(For reading in Chinese, please scroll down to the end of the English text.)
(For international readers, allow me to explain: I am an American but I have lived in China since 2004. My city of Chongqing, often abbreviated as CQ, is pronounced Chong Ching to rhyme with Wrong Ring. CQ is a megacity of 30 million people in south-central China, on the Yangtze River. I’ve come a long, long way – 13 time zones to be exact – from my original home town of Rolla, Missouri, on the Little Dry Fork creek.)
I have a friend who recently returned from an extended trip. Over a long lunch, we talked about events that had occurred in our lives since the last time we met and, even more interesting, what we had learned from our experiences. It was a very pleasant lunch with the additional, non-caloric benefits of some entertaining new stories.
Some of those stories, however, set me to thinking. Afterwards, I thought a bit more about the stories of relationships and the repeating patterns we can see – especially in the rearview mirror of hindsight. In cars, if certain areas not being visible from the driver’s seat, we call those parts of his view “blind spots”. In case of an accident, the driver can honestly say he couldn’t see what was in his blind spot.
Let’s consider relationships in that light. What if some of our relationship choices could be explained by the concept of blind spots? What if some individuals have psychological blind spots that cause them to have repeating unsuccessful relationship – some of them real disasters? These are patterns they simply cannot see, even though they may be clear to others. Blind spots.
Some people seem doomed to repeat certain errors in their personal relationships. They make the same mistakes over and over, just with a different partner each time. When something happens once, it may be simply bad luck or a poorly considered decision. However, when the pattern is repeated several times, the onus falls on them, the poor-decision maker. They – not the partners they have chosen – are the primary cause of the disaster.

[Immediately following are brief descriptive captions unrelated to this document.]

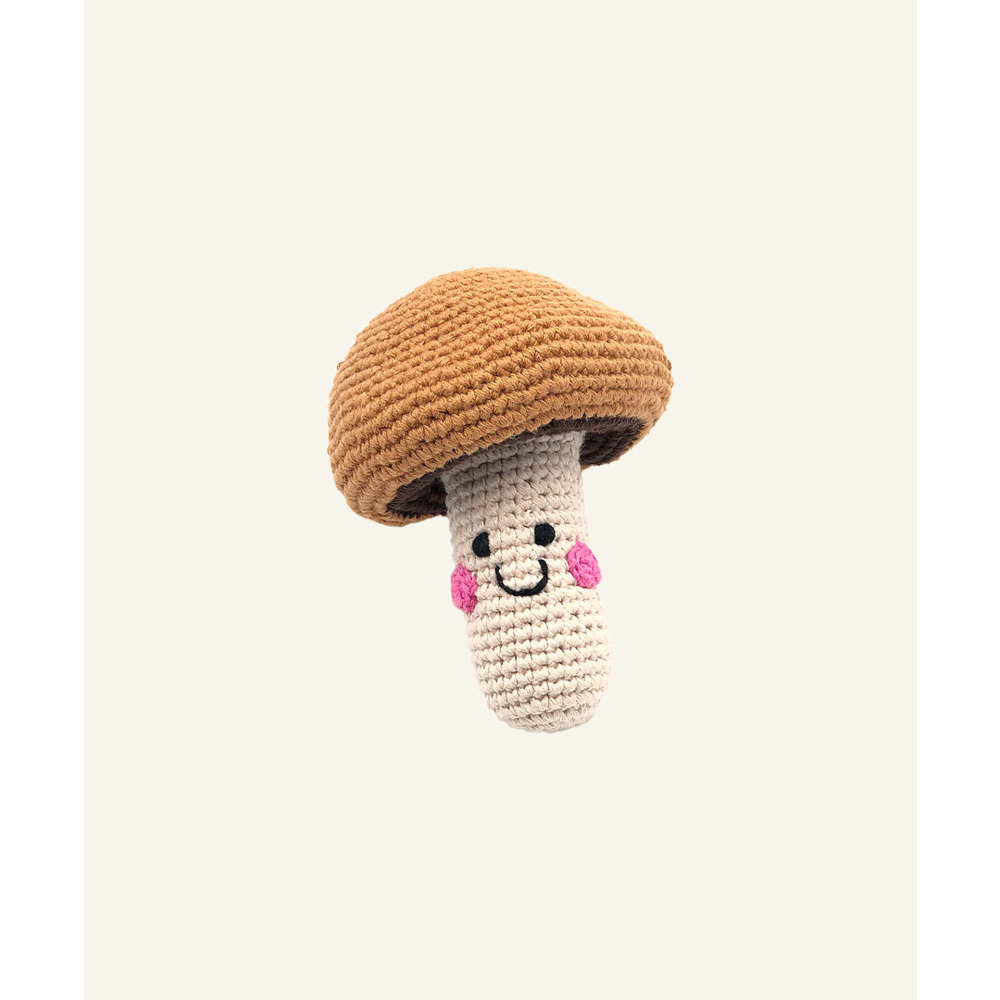Plush Toy Pebble, Friendly Mushroom Rattle, Brown - 1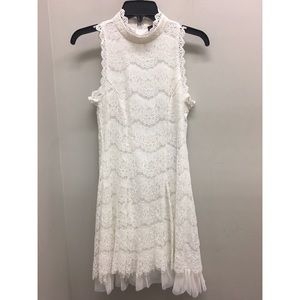 NWT white lace sleeveless mini dress size S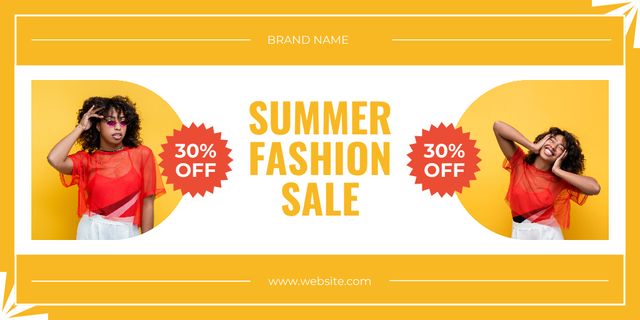 Summer Fashion Sale Ad with Happy African American Woman Twitter Design Template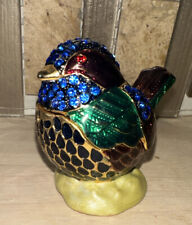 Rhinestone Encrusted Bird Trinket Box Enameled Retails $59.95 picture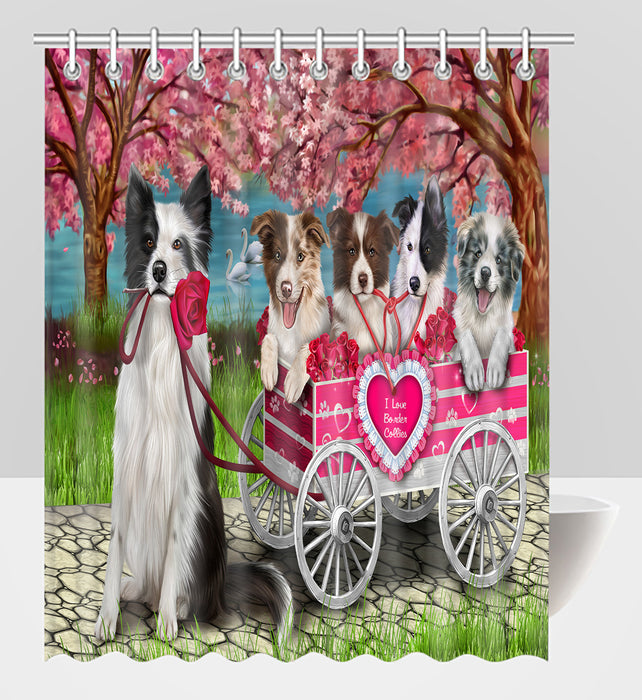 I Love Border Collie Dogs in a Cart Shower Curtain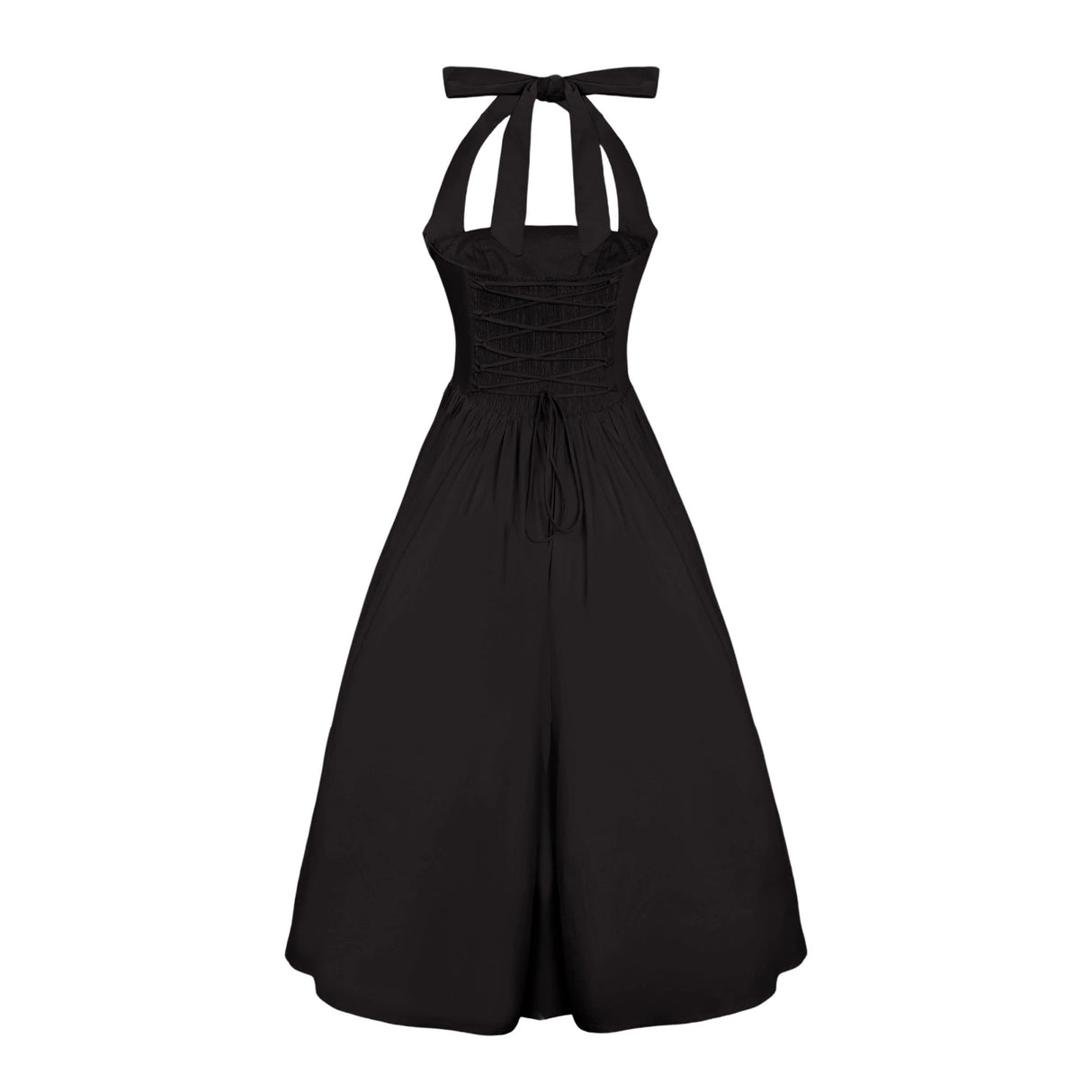 Eponine Black Layered Flared Hem Midi Dress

Many of the horrendously embarrassing relationship errors we make – then repeat, then repeat again, then repeat yet again – are the result of psychological blind spots. We just don’t see the trouble coming, even though our friends may try to warn us. Even more tragic, after we clean up the mess and we earnestly declare that we learned from the experience and we won’t make that mistake again, very often, we soon do make that same mistake. We do exactly the same thing but in a new relationship.
Smart people can make some very un-smart choices. It’s like they have a psychological blind spot; they simply cannot see the errors they are making in this area of their life. (Not me, of course. I’m too smart to do something that self-destructive.) In finding a new partner, those smart people don’t change. They unconsciously choose to ignore the fundamental law of the relationship universe: If you keep doing the same old thing, you’re going to keep getting the same old results.
How we human beings find love is one of the great mysteries of life. As soon as they approach maturity, most people immediately begin seeking a mate. We all begin looking for Mr. Right or Ms. Right. It becomes a top priority, consuming inordinate amounts of time, money, and attention. Inevitably, as in every new skill, people make mistakes in the process of struggling up the learning curve. In the process, almost everyone makes a few bad choices. That perfectly wonderful Mr. Right or Ms. Right turns out to be less wonderful. Normal enough. Something they did or some quality in the other person made it inevitable. A few people, though, go right back into the relationship search and engage in exactly the same pattern that caused their first downfall.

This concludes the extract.